WORK ITEM: Exactly and only the lines below from the one containing "10 Pcs Laptop" down to the one containing "NEW Korjo Multi" are wanted, both included; please exclude every picture.

INFORMATION SUPPLIED:
───
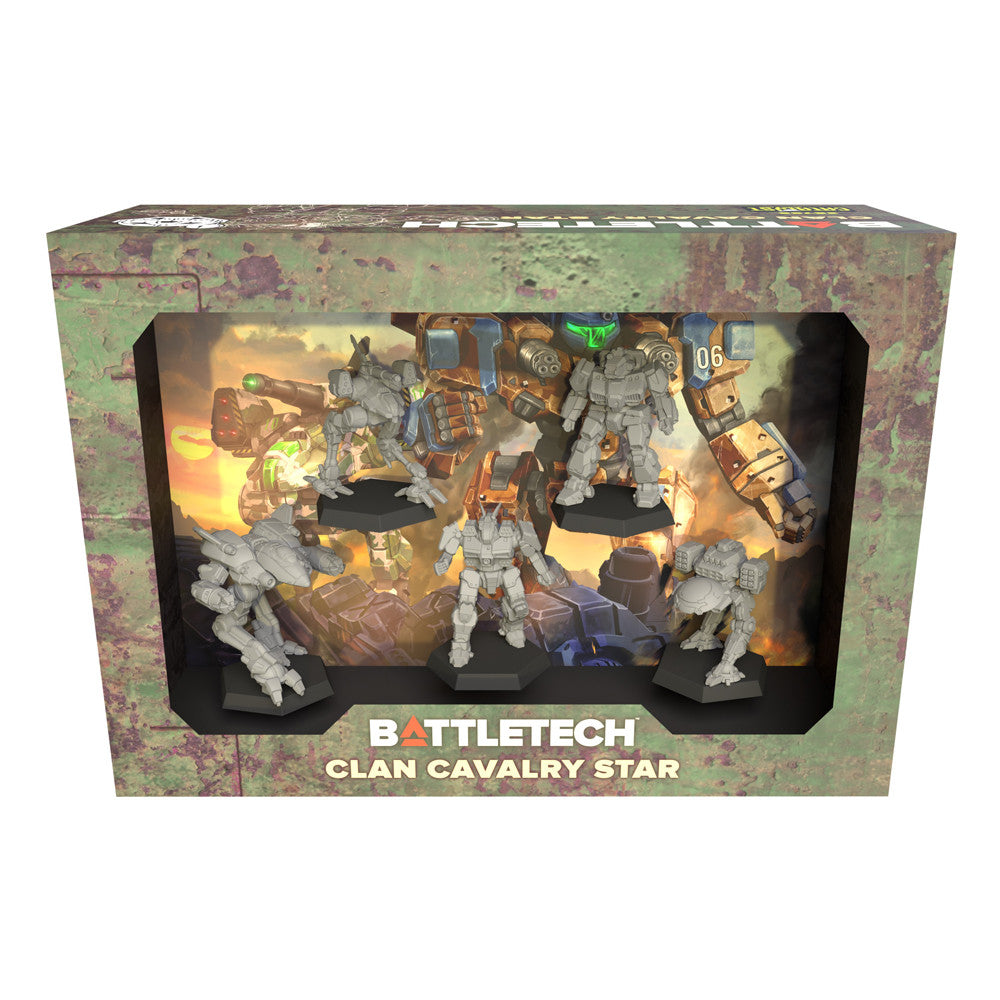 Clan Cavalry Star (Battletech)
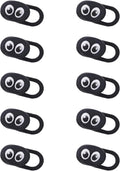 10 Pcs Laptop Camera Cover Slide, Webcam Cover Slide, Laptop Camera Cover Slide Thin, Cell Phone Camera Cover, Protect Your Privacy Security, Camera Cover for Desktop Tablet Pad
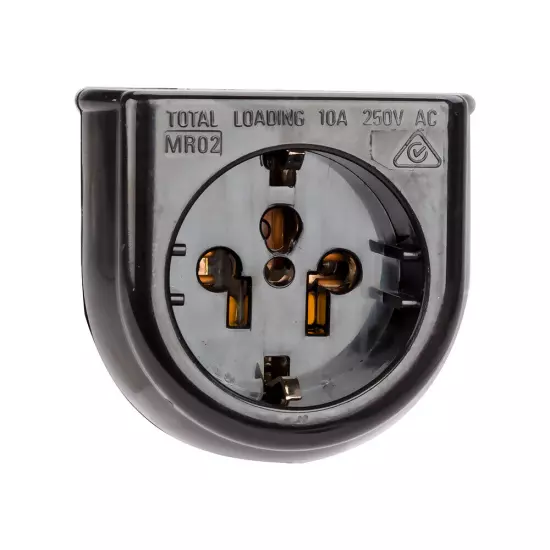 NEW Korjo Multi Reverse Travel Power Adaptor Plug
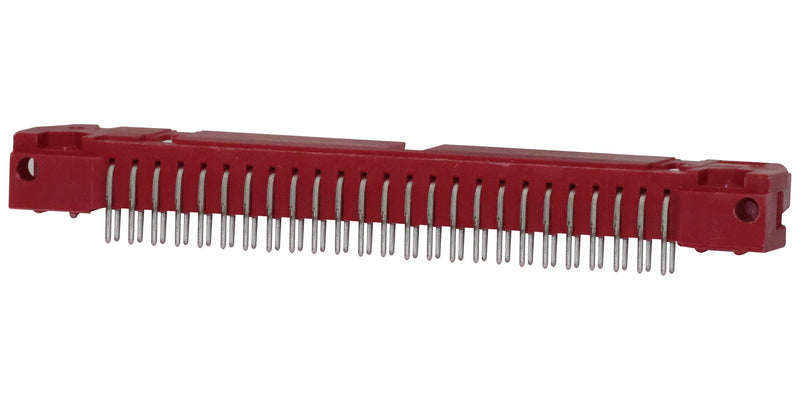 TE CONNECTIVITY 1-5111922-0 Pin Header, Board-to-Board, 2.54 mm, 2 Rows, 50 Contacts, Through Hole Right Angle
───
EXPECTED OUTPUT:
 10 Pcs Laptop Camera Cover Slide, Webcam Cover Slide, Laptop Camera Cover Slide Thin, Cell Phone Camera Cover, Protect Your Privacy Security, Camera Cover for Desktop Tablet Pad
 NEW Korjo Multi Reverse Travel Power Adaptor Plug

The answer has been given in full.